According to guitarist Gary Rossington, for two years after Allen Collins wrote the initial chords, vocalist Ronnie Van Zant insisted that there were too many for him to create a melody in the belief that the melody needed to change alongside the chords. After Collins played the unused sequence at rehearsal one day, Van Zant asked him to repeat it, then wrote out the melody and lyrics in three or four minutes. The guitar solos that finish the song were added originally to give Van Zant a chance to rest, as the band was playing several sets per night at clubs at the time. Soon afterward, the band learned piano-playing roadie Billy Powell had written an introduction to the song; upon hearing it, they included it as the finishing touch and had him formally join as their keyboardist.

Allen Collins's girlfriend, Kathy, whom he later married, asked him, "If I leave here tomorrow, would you still remember me?" Collins noted the question and it eventually became the opening line of "Free Bird". Also in an interview filmed during a fishing outing on a boat with Gary Rossington, an interviewer asked Ronnie Van Zant what the song meant. Van Zant replied that in essence, that the song is "what it means to be free, in that a bird can fly wherever he wants to go". He further stated that "everyone wants to be free...that's what this country's all about".[16]

The song is dedicated to the memory of Duane Allman by the band in their live shows.[17] During their 1975 performance on The Old Grey Whistle Test, Van Zant dedicated the song to both Allman and Berry Oakley, commenting, "they're both free birds".[18][19]

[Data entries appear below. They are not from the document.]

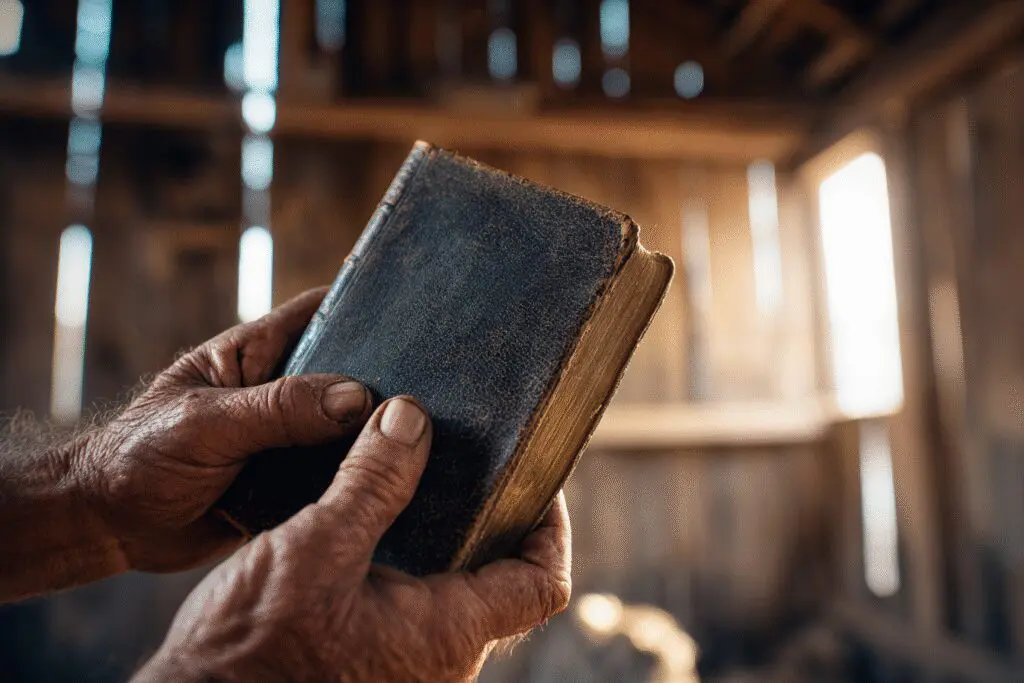 Weathered hands holding a plain Bible answering the FAQ on what Bible do the Amish use Weathered hands holding a plain Bible answering the FAQ on what Bible do the Amish use
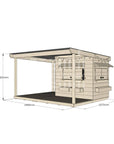 Raw pine cubby house with wraparound verandah for residential backyards little rectangle size with dimensions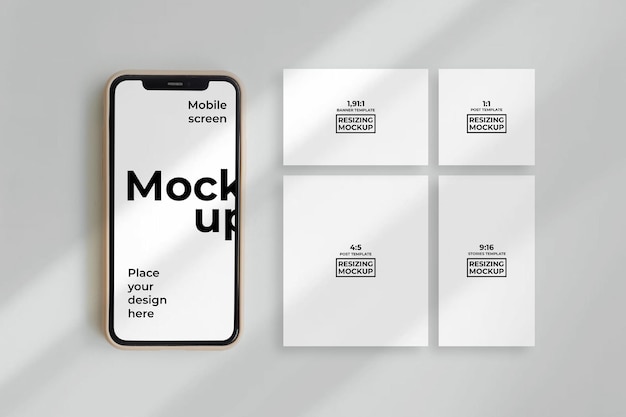PSD mobile phone screen with social media resizing mockup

On the 1987–1988 Lynyrd Skynyrd Tribute Tour, the band played "Free Bird" as an instrumental. Johnny Van Zant first sang the song on its Lynyrd Skynyrd 1991 Tour in Baton Rouge, where the band had been headed in 1977 when several members were killed in a plane crash.

Reception

"Free Bird" is included in The Rock and Roll Hall of Fame's 500 Songs that Shaped Rock and Roll and at number 407 in Rolling Stone's 500 Greatest Songs of All Time. In 2009, it was named the 26th best hard rock song of all time by VH1.[20]

Legacy

On Skynyrd's first live album, 1976's One More from the Road, Van Zant can be heard asking the crowd, "What song is it you wanna hear?" The calls for "Free Bird" led into an fourteen-and-a-half-minute rendition of the song. It has become something of a humorous tradition for audience members at concerts to shout "Free Bird!" as a request to hear the song, regardless of the performer or style of music.[9] For example, during Nirvana's 1993 MTV Unplugged in New York show, a shout-out for "Free Bird!" eventually resulted in a lyrically slurred, if short, rendition of "Sweet Home Alabama". In 2016, an attendee of a Bob Dylan concert in Berkeley, California shouted for "Free Bird" to be played, and Dylan and his band unexpectedly obliged.[21]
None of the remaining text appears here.